+++ STORED DATA +++

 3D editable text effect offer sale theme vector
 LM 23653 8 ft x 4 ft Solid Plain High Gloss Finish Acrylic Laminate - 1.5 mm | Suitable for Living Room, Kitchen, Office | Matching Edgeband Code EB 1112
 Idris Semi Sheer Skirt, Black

+++

- [EXERCISE] Please give back the listing in full; each line must match exactly.

- [OUTPUT BELOW]
 3D editable text effect offer sale theme vector
 LM 23653 8 ft x 4 ft Solid Plain High Gloss Finish Acrylic Laminate - 1.5 mm | Suitable for Living Room, Kitchen, Office | Matching Edgeband Code EB 1112
 Idris Semi Sheer Skirt, Black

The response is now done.